今年2月にウクライナに侵攻したプーチン大統領が、ロシアの「特別軍事作戦」の根拠に「ウクライナの非ナチ化」という言葉を繰り返す意味が、この映画観て、ある程度理解できました。
そして1941年のウクライナとヒトラーのナチス・ドイツ、スターリンの共産主義ソビエト連邦が、一直線に現在に繋がっていることを描くことが、この映画の需要なモチーフだと思いました。
20世紀は「人間の命」の捉え方において、明らかにそれまでの世紀と断絶してしまった世紀です。
吉田健一がその著書『ヨーロッパの世紀末』の中で、18世紀のヨーロッパでは「ひとつの原則」が、たとえ国家と国家が戦争状態にあっても貫かれていて、それは「理性」というものであったという意味のことを書いていたと思います。それが、ヨーロッパが18世紀に到達した「文明」であり「文化」だとも。

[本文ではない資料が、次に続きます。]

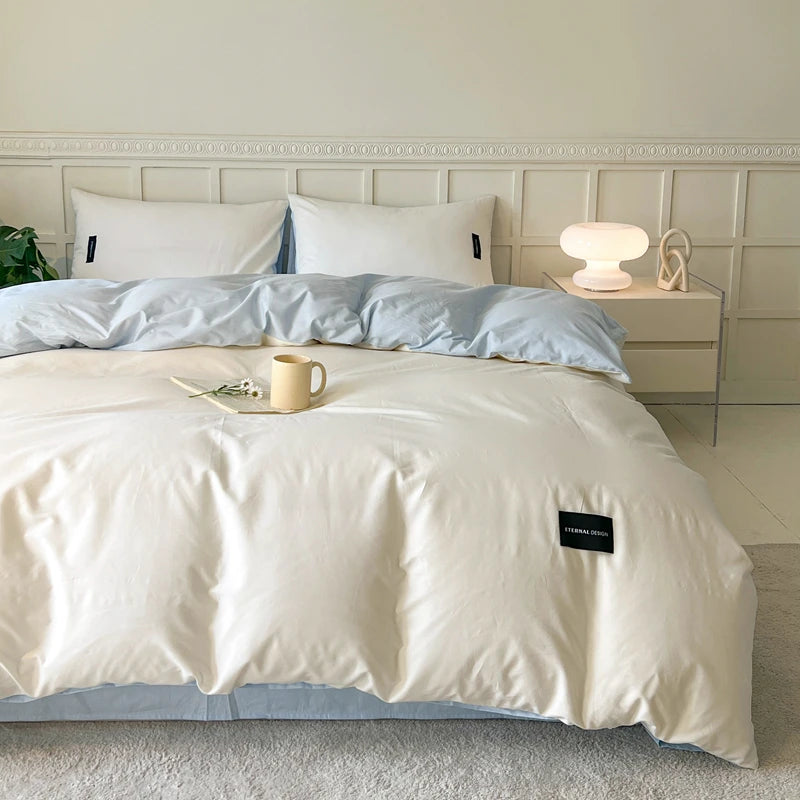 White duvet cover set with pillowcase - bed sheet and duvet cover set, available in single, double, queen and king sizes.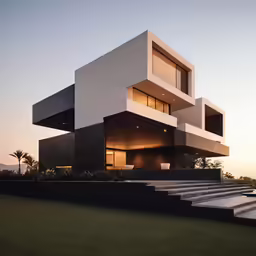 a tall building with stairs up to the roof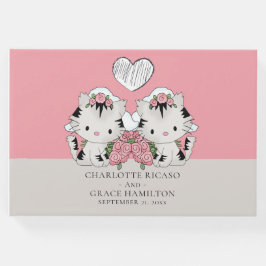 2つのパーソナライズされた花嫁ネコをテーマにしたゲイの結婚テーマ ゲストブック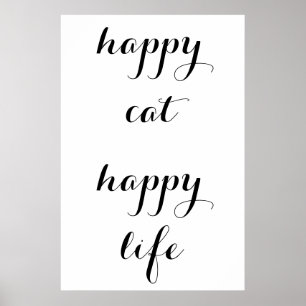 Affiche Chat heureux, Vie heureuse
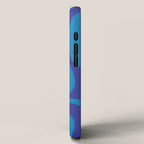 Bold Blue Modern Retro Liquid Swirl Abstract Pattern iPhone Case Gallery Image 2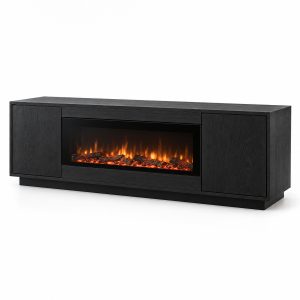 Matte Black Linear Electric Fireplace TV Stand, 70.1-Inch
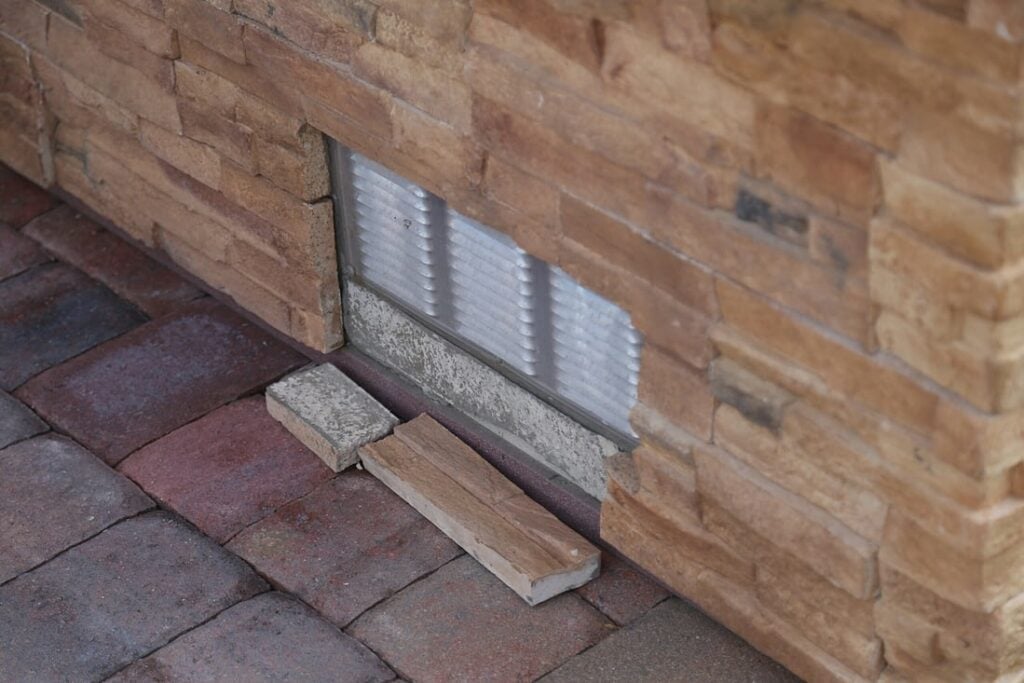 prefabricated outdoor kitchen cabinet after one winter with poor ventilation and vent design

そして、その原則が失われ、幼稚で粗暴で、人間の命というものに対する軽視が拡大していったのが19世紀だといいます。
ふたつの世界大戦を経て、あるいはいくつもの革命という名の内戦を経て、おそらくは「人が生きることの心地よさ」というべきものを、国家のために犠牲にすることを当然のように受け入れてきた時代、いわば「理性」を著しく喪失してしまったのが、続く20世紀でしょう。
私たちはさらに、その先の21世紀を生きています。
20世紀以来、「文明」はむしろ「野蛮」へと進化しているのかもしれない。
「文化」は「プロパガンダ」に変容しているのかもしれない。
ロズニツァ監督の作品を見ていると、そんなことを強烈に思い知らされ、打ちのめされます。
「粛清裁判」しかり、「ドンバス」しかり、「バビ・ヤール」もまたしかりです。
どうぞ、ほんとうに多くのひとが劇場へ行って、「バビ・ヤール」を見ていただきたいと願います。
私たちの生きている世界が、生きている時代が何処へ向かっているのか、次に来るのはどんな世界なのか?
誰もが考えることを余儀なくされる、そういう体験だと思います。